Bu yorum yazar tarafından silindi.
Unknown dedi ki...

Ben Kaptan Onedir. Evet böyle bir yazı yazmıştım zamanında. 2008 filan herhalde. Kendisi ve o zamanki sevgilisi şimdiki 9 yıllık eşi bu dertten stratosferik seviyede muzdarip olmuş biri olarak söyleyebilirim ki, evet, bu sendroma rağmen birşeyler yapmak mümkün. Biz bu durumu Steven Carter ile Julia Sokol'un yazdığı "He's Scared She's Scared" ve "Getting To Commitment" adlı kitaplarını okuduktan sonra kendi davranışlarımızın dayandığı geçmişteki olayları analiz edip onlarla barışma yolunu denedikten sonra bir nebze başardık. O yazıyı yazdıktan 1 sene sonra evlendik, artık 40 olduk geç kalıyoruz diye hemen çocuk yaptık. Şu an 8 yaşında bir oğlumuz var, arada kavga gürültü filan oldu, oluyor da, ama hâlâ gayet sıkı sıkıya evliyiz, kavgalar %99.99 finansla ilgili sıkıntılar olduğunda oluyor, onun dışında bir anlaşmazlık olmuyor. Sadakat konusunda en azından ben (erkek kısmısı) onu şu ana kadar hiç aldatmadım, o da aldatmamıştır diye düşünüyorum (umarım). Arada bir acaba diye aklımdan geçmiyor değil, dur telefonunu bilgisayarından sosyal medya hesaplarını kurcalayayım diye geçiyor, ama diğer yanım hemen müdahale edip sakın o kutuyu açma diyor ve o düşünceden kurtuluyorum. Yaparsa da yapsın amaan ne yapabilirim ki diyip geçiyorum. Artık yaşlanıyoruz, ben 49 o 48, ama seks hayatımız 20'li yaşlardaki gibi (yihhuuu!).
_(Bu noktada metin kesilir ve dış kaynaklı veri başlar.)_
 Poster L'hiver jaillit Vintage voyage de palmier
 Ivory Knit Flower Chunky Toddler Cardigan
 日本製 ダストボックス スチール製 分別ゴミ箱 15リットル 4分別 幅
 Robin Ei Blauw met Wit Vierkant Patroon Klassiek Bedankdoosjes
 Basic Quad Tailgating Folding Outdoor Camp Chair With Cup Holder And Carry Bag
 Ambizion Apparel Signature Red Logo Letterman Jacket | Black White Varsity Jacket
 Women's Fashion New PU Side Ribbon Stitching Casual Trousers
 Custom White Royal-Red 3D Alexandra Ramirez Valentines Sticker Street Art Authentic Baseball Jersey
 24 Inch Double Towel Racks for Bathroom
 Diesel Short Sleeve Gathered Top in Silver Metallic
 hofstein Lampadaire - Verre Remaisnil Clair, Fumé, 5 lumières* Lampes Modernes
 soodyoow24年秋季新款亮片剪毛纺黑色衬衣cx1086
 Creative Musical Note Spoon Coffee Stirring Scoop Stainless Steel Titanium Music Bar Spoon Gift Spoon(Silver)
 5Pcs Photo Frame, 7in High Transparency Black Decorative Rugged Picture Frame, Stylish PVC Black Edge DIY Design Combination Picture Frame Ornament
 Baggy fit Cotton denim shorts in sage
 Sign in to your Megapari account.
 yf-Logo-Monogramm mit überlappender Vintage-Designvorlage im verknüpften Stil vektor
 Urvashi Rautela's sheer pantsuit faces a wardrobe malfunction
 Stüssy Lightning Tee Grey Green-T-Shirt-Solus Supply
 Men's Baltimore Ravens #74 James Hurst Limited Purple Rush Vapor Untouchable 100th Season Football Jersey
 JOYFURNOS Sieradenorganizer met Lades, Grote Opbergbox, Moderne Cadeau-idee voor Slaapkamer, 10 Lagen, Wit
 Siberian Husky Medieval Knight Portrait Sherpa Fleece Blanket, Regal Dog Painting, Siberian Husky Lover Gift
Önümüzdeki yaz İngiltere'ye yerleşelim filan diye konuşuyoruz. Yaşam güzel yani. Sıkıntılar hep var, ama mutluluğa engel değil. Sıkıntının ne olduğunu bir kez bulunca onu yönetebiliyorsunuz. Böyle işte. Bakın biz belli merhaleleri aşmayı başardık ama bu sizinki de aşacak anlamına gelmiyor. Herkesin durumu farklı. Bu yaşam sona erdiğinde biten bir mücadele. sürekli olarak kendinizin daha iyi bir versiyonunu yaratmak zorundasınız. Kestirme yok, kolaya kaçış yok. Hele çocuk olduktan sonra yok ben bununla uğraşamıyorum iade edelim filan da yok. O çocuğun hayatını kendi fobyalarınıza kurban edemezsiniz. Kendinize geliyorsunuz. Gelemeyenlerin de hallerini görüyoruz işte. Öyle yani, korksanız da uykusuz da kalsanız o tünele girdiniz mi sürekli ilerleyeceksiniz. Ama güzel haber, tünelin sonunda ışık var. Neyse, herşeyin en güzelinden diliyorum hepinize. Adımı bir şekilde bulursanız lütfen yayınlamayın. Kısmen tanınmış biriyim, almost famous hesabı. Ekşi Sözlük hesabımı da çaylaklığa düştüğüm için değil artık ordan sıkıldığım için sildirdim. Bu da böyle işte, hadi esenlikle kalın.

anipathy dedi ki...
Bu yorum yazar tarafından silindi.
anipathy dedi ki...

Size ulaşacağım bi yol olsaydı keşke.